#### Exercise aim:
Within the records, determine how many lines contain the word "para". Your reply must consist of that number only.
*** Listed entries ***
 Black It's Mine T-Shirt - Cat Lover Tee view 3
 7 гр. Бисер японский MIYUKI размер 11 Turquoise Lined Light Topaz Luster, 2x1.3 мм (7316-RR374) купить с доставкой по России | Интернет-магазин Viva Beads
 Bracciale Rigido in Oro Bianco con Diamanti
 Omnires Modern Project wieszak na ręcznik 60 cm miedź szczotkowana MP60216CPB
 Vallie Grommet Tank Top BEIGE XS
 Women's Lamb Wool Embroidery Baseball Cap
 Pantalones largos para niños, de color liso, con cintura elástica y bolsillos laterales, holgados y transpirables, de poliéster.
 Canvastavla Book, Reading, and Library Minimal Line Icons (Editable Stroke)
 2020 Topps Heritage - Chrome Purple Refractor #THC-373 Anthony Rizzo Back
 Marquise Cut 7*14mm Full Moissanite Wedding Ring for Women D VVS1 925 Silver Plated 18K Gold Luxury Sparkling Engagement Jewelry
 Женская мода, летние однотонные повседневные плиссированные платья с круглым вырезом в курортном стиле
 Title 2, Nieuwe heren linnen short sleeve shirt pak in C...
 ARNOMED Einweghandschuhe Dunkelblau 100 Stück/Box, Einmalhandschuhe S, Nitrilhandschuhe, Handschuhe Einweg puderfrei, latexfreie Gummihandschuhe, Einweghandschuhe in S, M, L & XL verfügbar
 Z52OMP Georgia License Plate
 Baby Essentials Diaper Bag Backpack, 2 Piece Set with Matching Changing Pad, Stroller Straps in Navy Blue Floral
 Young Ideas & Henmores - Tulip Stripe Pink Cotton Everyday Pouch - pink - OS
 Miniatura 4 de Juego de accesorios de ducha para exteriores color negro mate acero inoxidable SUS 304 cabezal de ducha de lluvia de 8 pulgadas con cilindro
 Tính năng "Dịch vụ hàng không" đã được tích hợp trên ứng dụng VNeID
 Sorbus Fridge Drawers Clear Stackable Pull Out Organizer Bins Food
***
#### Your response:
2